**DIRECTIONS FOR THIS TASK:** Here the job is to print only the lines from the one containing "Pastel Folding Hamper (100gms Jars)" to the end of the entries, both included, exactly as they stand, with pictures excluded.

═════ DATA SHOWN ═════

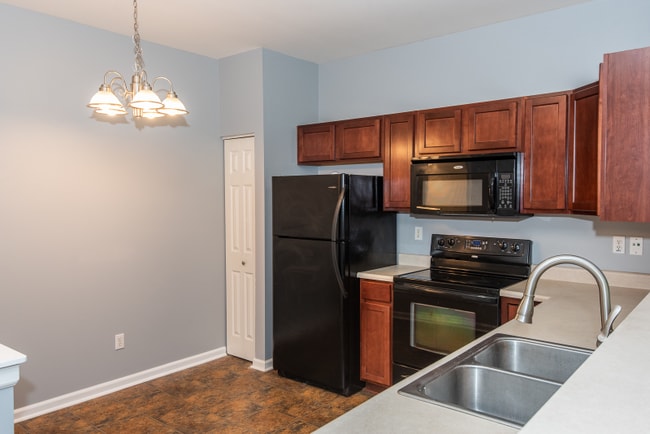Building Photo - 4839 Heritage Heights Cir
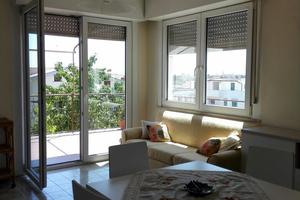 Appartamento-Santa Marinella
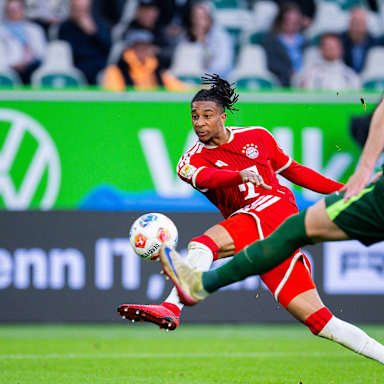 Michael Olise schießt aufs Tor im Bundesliga-Spiel des FC Bayern beim VfL Wolfsburg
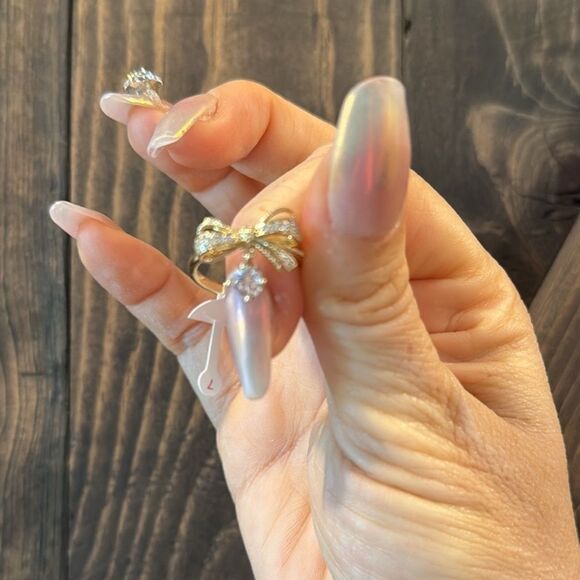 14K Gold Plated Ribbon Bow Diamond Charm Ring - Picture 4 of 9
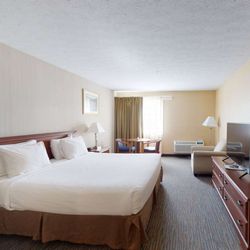 Ramada by Wyndham Strasburg/Shenandoah Valley - Guest room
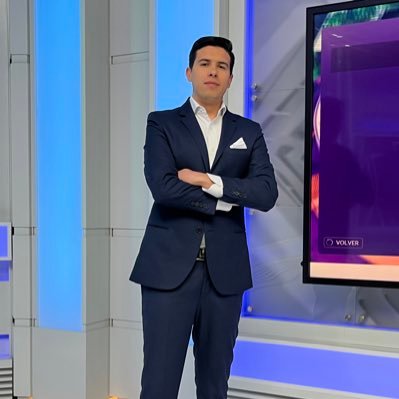 23. Comunicador social y periodista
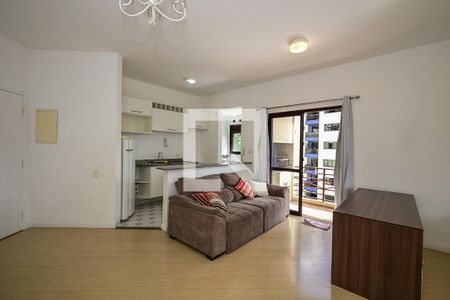Sala de apartamento para alugar com 1 quarto, 55m² em Vila Suzana, São Paulo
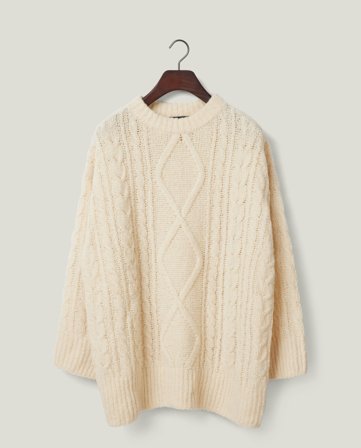 Lexington Chunky cable kKnit sweater, offwhite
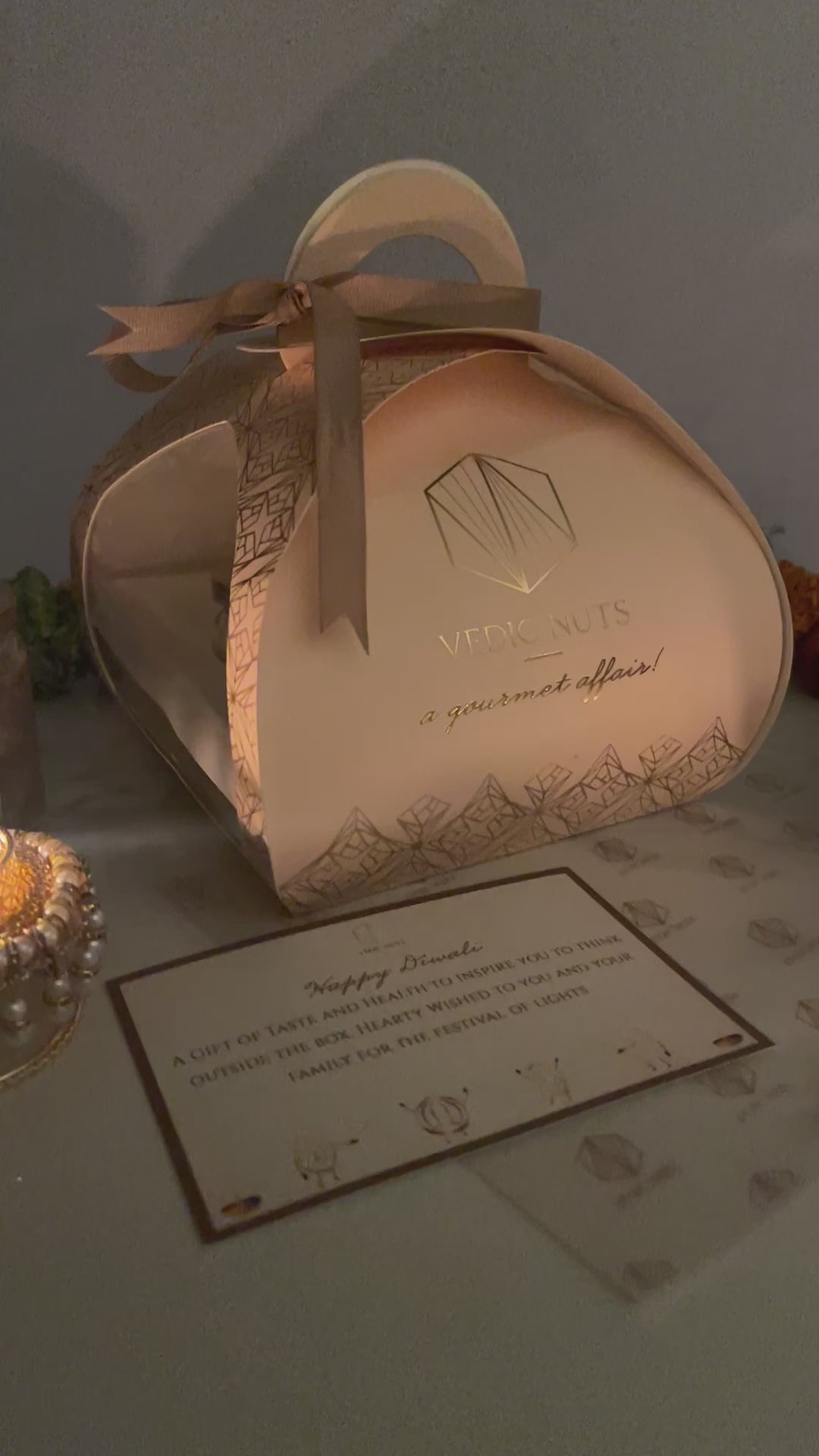 Pastel Folding Hamper (100gms Jars)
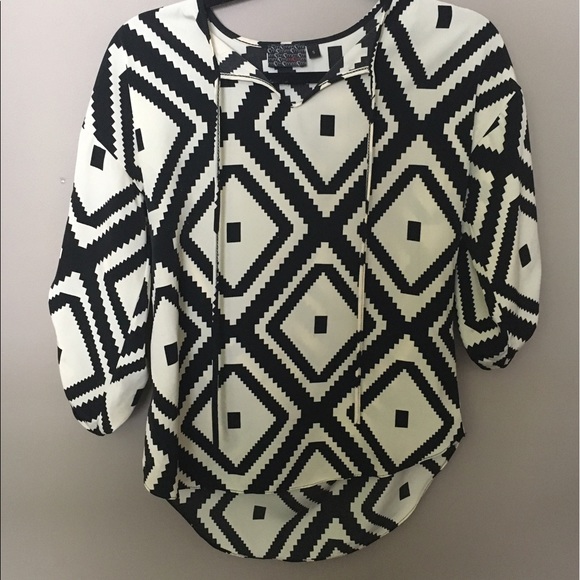 Tops - Summer top👙👑PRICE DROP!!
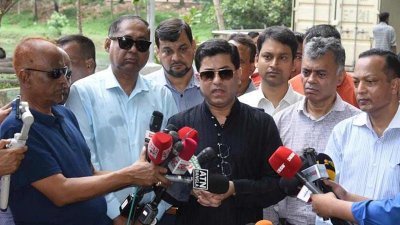 হাতিরঝিলে পানি নিষ্কাশন যন্ত্র পরিদর্শন শেষে সাংবাদিকদের সঙ্গে কথা বলেন মেয়র শেখ ফজলে নূর তাপস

═════

**ANSWER TO THIS TASK:**
 Pastel Folding Hamper (100gms Jars)
 Tops - Summer top👙👑PRICE DROP!!
 হাতিরঝিলে পানি নিষ্কাশন যন্ত্র পরিদর্শন শেষে সাংবাদিকদের সঙ্গে কথা বলেন মেয়র শেখ ফজলে নূর তাপস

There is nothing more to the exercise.